As we mentioned yesterday, the Holy Father has poured a measure of cold water on the hopes of the progressives in the Church who wish to see women ordained to the priesthood. Responding to a question during one of his famous in-flight press conferences, the Holy Father stated that St. John Paul’s Ordinatio sacerdotalis is the final word on the question. This has provoked the all-too-predictable outrage from progressives. Read the comments here, for a taste. Generally, despite the Church’s clarification that Ordinatio sacerdotalis is infallible, even if it is not an ex cathedra exercise of the extraordinary papal magisterium (though one might argue that it is such an exercise), the progressives argue, for a variety of reasons, that John Paul got it wrong. Now, this is based in a faulty understanding of the Church and the deposit of faith; progressives (and some conservatives) see the Church as a political entity with the choice to define its doctrine.

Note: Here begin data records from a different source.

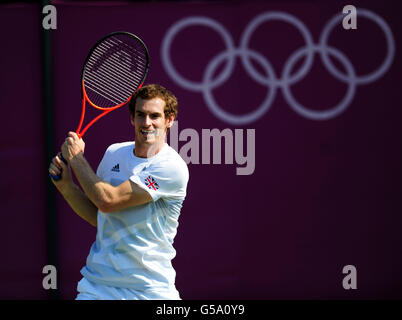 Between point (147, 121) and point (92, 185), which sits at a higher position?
point (147, 121)

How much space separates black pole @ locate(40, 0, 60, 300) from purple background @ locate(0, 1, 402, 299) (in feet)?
0.17

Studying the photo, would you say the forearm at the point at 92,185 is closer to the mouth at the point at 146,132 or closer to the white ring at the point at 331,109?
the mouth at the point at 146,132

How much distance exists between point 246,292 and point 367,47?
7.88 feet

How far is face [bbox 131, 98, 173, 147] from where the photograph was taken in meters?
3.66

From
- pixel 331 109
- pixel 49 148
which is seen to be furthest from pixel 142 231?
pixel 331 109

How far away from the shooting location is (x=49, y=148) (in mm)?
5855

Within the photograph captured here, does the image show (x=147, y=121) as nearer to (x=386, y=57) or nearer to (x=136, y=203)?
(x=136, y=203)

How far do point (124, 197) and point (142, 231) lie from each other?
0.21 m

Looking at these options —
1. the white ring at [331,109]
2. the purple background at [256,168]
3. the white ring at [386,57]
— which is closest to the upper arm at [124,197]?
the purple background at [256,168]

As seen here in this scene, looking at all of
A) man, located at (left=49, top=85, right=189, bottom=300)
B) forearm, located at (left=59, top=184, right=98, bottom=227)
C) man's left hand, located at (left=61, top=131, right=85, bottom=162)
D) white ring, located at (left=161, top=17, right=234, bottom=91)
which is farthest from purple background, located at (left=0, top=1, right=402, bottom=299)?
man's left hand, located at (left=61, top=131, right=85, bottom=162)

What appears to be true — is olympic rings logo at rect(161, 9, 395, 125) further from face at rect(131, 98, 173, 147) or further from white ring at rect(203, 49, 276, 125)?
face at rect(131, 98, 173, 147)

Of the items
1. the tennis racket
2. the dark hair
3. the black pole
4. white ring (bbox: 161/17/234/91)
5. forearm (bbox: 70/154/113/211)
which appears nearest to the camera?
forearm (bbox: 70/154/113/211)

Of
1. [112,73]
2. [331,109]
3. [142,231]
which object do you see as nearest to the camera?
[142,231]

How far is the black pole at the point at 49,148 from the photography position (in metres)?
5.80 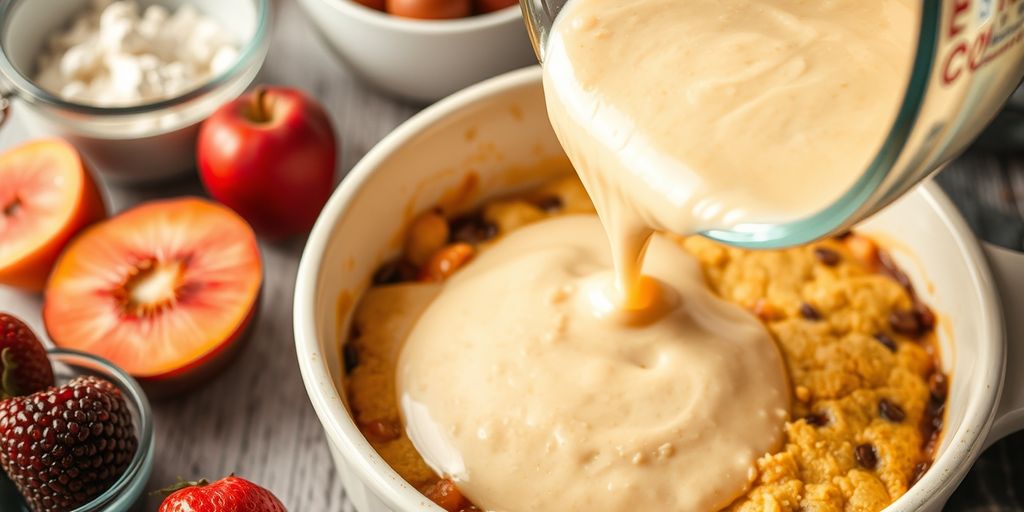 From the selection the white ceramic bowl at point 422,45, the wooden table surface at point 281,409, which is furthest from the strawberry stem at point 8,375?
the white ceramic bowl at point 422,45

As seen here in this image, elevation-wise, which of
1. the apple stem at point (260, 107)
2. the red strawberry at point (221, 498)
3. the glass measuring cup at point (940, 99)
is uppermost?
the glass measuring cup at point (940, 99)

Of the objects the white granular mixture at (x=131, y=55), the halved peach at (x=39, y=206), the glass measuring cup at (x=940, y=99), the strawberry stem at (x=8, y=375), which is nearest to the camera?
the glass measuring cup at (x=940, y=99)

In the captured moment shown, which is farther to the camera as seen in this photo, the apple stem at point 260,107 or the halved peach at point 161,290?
the apple stem at point 260,107

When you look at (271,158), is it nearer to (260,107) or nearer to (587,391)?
(260,107)

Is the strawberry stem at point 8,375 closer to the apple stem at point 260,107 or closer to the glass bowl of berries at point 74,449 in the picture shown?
the glass bowl of berries at point 74,449

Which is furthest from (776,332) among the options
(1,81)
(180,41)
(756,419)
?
(1,81)

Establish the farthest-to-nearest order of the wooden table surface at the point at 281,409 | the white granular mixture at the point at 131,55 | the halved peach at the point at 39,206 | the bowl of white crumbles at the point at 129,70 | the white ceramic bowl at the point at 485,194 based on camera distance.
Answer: the white granular mixture at the point at 131,55, the bowl of white crumbles at the point at 129,70, the halved peach at the point at 39,206, the wooden table surface at the point at 281,409, the white ceramic bowl at the point at 485,194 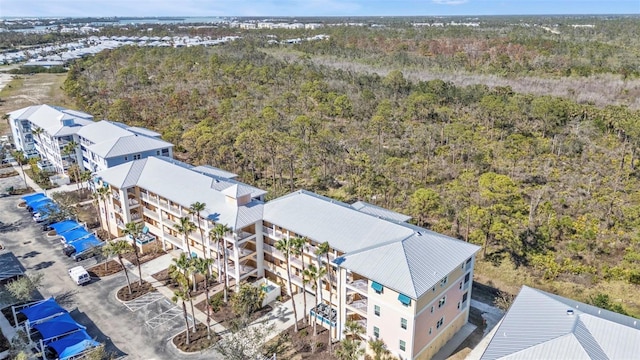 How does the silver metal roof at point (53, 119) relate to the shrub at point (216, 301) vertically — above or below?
above

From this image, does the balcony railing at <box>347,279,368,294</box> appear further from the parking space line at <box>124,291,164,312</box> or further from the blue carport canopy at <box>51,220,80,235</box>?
the blue carport canopy at <box>51,220,80,235</box>

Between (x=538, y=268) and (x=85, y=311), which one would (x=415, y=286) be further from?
(x=85, y=311)

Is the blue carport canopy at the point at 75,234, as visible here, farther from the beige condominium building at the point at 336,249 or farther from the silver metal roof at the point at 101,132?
the silver metal roof at the point at 101,132

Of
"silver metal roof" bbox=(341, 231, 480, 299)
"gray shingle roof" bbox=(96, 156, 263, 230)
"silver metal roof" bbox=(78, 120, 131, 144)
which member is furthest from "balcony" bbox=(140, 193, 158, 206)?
"silver metal roof" bbox=(341, 231, 480, 299)

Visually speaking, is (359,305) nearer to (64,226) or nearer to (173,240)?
(173,240)

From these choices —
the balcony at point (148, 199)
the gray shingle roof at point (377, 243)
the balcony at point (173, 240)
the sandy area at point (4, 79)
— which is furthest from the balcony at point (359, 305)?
the sandy area at point (4, 79)

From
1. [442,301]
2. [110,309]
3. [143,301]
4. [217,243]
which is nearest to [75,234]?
[110,309] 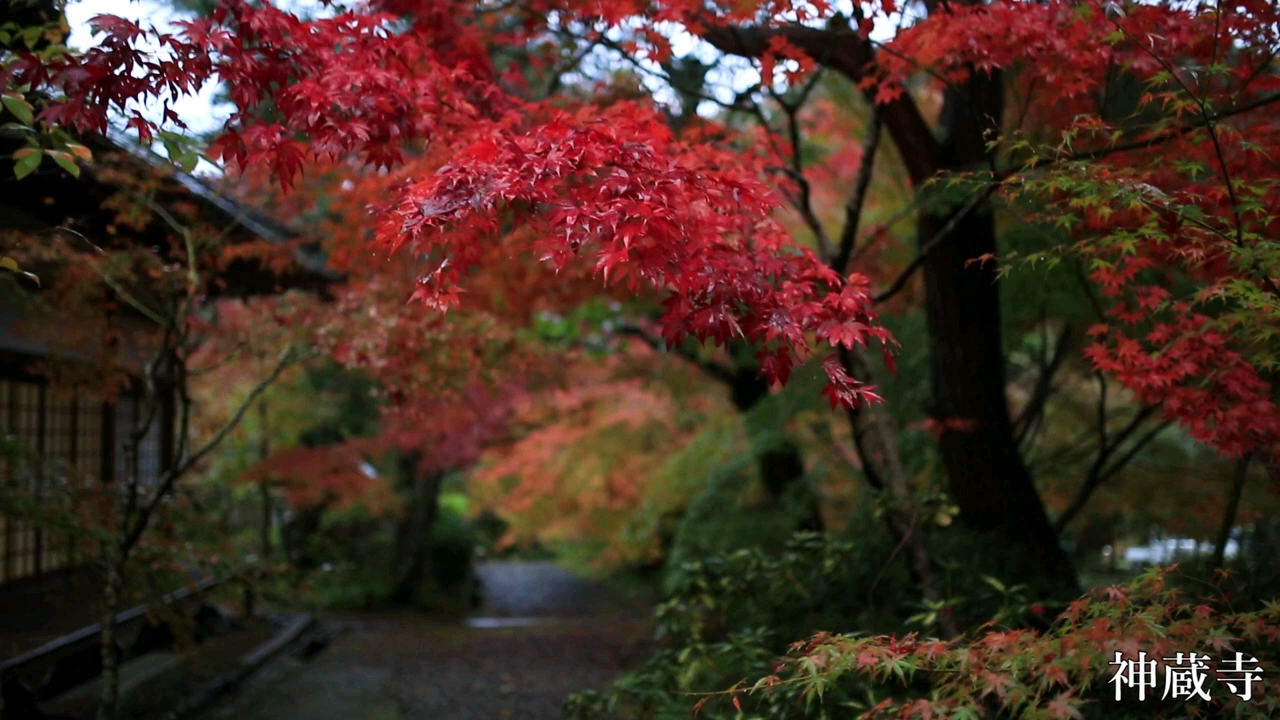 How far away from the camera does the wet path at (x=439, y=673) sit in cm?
764

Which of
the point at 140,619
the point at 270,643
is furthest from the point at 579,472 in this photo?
the point at 140,619

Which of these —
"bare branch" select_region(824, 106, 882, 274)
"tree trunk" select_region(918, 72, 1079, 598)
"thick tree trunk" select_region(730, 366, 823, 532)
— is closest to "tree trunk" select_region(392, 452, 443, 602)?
"thick tree trunk" select_region(730, 366, 823, 532)

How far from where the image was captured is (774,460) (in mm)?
10906

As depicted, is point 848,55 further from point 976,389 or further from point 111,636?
point 111,636

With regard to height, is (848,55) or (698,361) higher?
(848,55)

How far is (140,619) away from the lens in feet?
26.4

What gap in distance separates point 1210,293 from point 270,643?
9353mm

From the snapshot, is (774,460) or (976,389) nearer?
(976,389)

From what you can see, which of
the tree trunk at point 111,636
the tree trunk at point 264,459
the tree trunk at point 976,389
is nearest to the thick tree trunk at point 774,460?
the tree trunk at point 976,389

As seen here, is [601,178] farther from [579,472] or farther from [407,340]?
[579,472]

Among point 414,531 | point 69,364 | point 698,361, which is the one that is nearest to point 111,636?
point 69,364

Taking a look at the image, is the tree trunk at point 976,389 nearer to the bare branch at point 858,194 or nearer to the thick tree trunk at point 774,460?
the bare branch at point 858,194

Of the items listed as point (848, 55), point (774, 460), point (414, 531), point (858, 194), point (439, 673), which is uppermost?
point (848, 55)

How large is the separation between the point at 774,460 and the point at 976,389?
16.2 ft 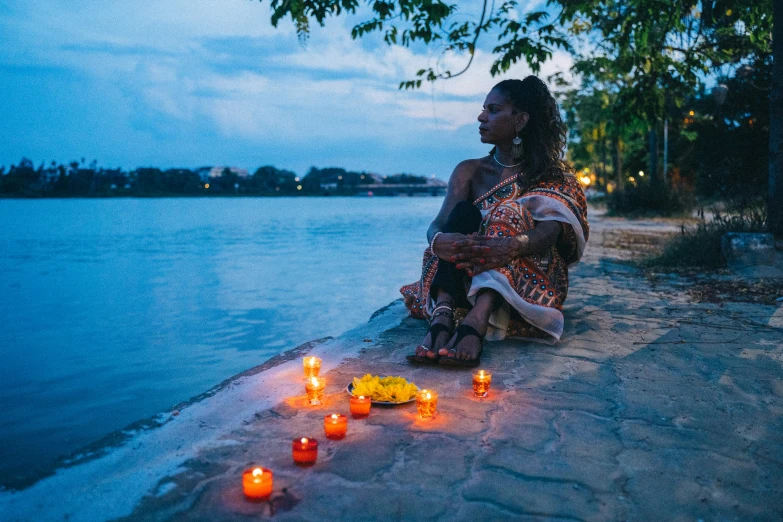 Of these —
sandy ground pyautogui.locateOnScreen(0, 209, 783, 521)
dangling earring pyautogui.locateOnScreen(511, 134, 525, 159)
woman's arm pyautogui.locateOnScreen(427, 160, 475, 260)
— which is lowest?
sandy ground pyautogui.locateOnScreen(0, 209, 783, 521)

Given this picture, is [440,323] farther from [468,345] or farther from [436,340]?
[468,345]

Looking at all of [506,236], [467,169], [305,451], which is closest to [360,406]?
[305,451]

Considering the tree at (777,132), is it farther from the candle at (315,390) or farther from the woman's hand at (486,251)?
the candle at (315,390)

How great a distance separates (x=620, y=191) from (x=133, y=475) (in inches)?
844

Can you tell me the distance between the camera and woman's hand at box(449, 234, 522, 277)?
329cm

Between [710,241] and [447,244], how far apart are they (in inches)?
199

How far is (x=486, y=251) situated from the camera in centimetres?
327

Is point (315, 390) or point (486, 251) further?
point (486, 251)

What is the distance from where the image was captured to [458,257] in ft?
11.0

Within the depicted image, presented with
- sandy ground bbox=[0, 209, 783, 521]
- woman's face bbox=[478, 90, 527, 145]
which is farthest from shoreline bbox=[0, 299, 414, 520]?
woman's face bbox=[478, 90, 527, 145]

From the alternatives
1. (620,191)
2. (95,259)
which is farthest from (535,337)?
(620,191)

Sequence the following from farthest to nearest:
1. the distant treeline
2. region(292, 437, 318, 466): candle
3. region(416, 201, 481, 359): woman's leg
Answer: the distant treeline → region(416, 201, 481, 359): woman's leg → region(292, 437, 318, 466): candle

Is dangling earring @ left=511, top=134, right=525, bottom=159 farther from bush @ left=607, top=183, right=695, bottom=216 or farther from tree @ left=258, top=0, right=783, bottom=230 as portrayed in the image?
bush @ left=607, top=183, right=695, bottom=216

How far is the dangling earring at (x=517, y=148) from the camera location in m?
3.76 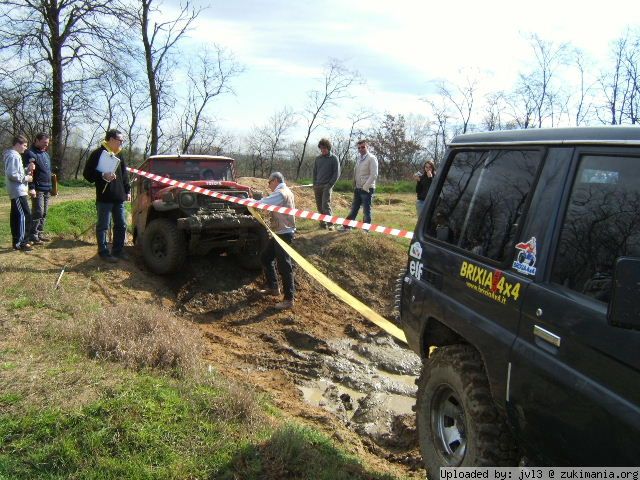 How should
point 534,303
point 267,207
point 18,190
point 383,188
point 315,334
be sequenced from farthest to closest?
1. point 383,188
2. point 18,190
3. point 267,207
4. point 315,334
5. point 534,303

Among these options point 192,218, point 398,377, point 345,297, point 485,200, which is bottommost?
point 398,377

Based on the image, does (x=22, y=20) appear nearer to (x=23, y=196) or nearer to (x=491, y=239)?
(x=23, y=196)

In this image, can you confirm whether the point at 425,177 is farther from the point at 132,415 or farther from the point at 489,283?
the point at 132,415

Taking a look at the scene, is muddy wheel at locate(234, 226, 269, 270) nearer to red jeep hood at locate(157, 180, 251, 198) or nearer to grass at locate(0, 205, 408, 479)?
red jeep hood at locate(157, 180, 251, 198)

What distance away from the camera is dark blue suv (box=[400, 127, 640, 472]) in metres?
1.98

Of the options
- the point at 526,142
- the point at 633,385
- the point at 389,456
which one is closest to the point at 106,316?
the point at 389,456

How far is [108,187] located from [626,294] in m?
6.95

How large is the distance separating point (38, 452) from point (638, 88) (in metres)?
28.1

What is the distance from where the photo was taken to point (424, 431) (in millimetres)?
3264

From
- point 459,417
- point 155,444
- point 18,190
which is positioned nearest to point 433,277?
point 459,417

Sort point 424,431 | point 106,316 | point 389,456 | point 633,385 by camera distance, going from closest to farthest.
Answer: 1. point 633,385
2. point 424,431
3. point 389,456
4. point 106,316

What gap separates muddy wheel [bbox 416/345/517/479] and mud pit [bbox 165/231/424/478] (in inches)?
26.9

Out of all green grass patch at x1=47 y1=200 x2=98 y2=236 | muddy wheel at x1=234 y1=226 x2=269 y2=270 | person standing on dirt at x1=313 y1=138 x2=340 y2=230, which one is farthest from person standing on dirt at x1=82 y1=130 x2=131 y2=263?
person standing on dirt at x1=313 y1=138 x2=340 y2=230

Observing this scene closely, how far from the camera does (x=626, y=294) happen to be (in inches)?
68.3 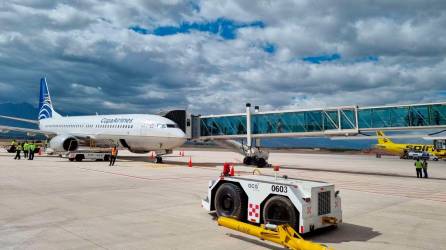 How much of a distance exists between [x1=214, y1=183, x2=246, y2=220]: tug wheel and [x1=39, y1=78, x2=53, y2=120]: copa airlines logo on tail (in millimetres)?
47568

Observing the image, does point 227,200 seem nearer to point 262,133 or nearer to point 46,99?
point 262,133

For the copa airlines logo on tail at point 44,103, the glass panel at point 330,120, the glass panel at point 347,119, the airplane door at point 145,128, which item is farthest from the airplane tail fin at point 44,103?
the glass panel at point 347,119

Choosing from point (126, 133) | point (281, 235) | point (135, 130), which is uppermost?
point (135, 130)

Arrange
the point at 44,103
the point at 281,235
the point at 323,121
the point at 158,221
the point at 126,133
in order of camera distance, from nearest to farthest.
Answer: the point at 281,235
the point at 158,221
the point at 323,121
the point at 126,133
the point at 44,103

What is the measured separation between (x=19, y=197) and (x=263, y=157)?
73.9 feet

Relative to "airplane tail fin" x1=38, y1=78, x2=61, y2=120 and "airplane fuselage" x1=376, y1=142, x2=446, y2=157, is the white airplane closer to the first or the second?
"airplane tail fin" x1=38, y1=78, x2=61, y2=120

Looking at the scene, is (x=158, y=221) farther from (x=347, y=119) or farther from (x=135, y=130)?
(x=135, y=130)

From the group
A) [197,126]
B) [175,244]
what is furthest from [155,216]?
[197,126]

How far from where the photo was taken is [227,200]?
31.1 feet

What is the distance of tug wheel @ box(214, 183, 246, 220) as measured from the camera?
29.3 ft

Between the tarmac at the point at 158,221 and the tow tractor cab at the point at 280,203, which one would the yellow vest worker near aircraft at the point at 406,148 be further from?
the tow tractor cab at the point at 280,203

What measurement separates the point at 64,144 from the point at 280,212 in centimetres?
3082

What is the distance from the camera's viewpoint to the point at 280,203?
8.03 meters

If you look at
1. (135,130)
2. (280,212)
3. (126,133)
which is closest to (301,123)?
(135,130)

With this ecclesial vision firmly in mind, the progressives’ argument proceeds as it often does; that is, on grounds of fairness and inclusion. So far, they hold, the Church has chosen to define its doctrine to “unfairly” “exclude” women from the priesthood. If this sounds like the recent argument over admitting bigamists to Holy Communion, it’s because the progressives don’t have a very deep bench, in terms of arguments. But, of course, we know better, dear reader. The Church is not a political entity and the Church does not get a choice in its doctrine. The Church must obey the apostolic mandate—indeed, a mandate arguably founded in divine law—to hand on what it received, and to do so faithfully, neither adding to nor subtracting from the deposit of faith. This is why the universal ordinary magisterium is so important, especially when it is specifically confirmed by a pope, who is the visible sign of the unity of the Church.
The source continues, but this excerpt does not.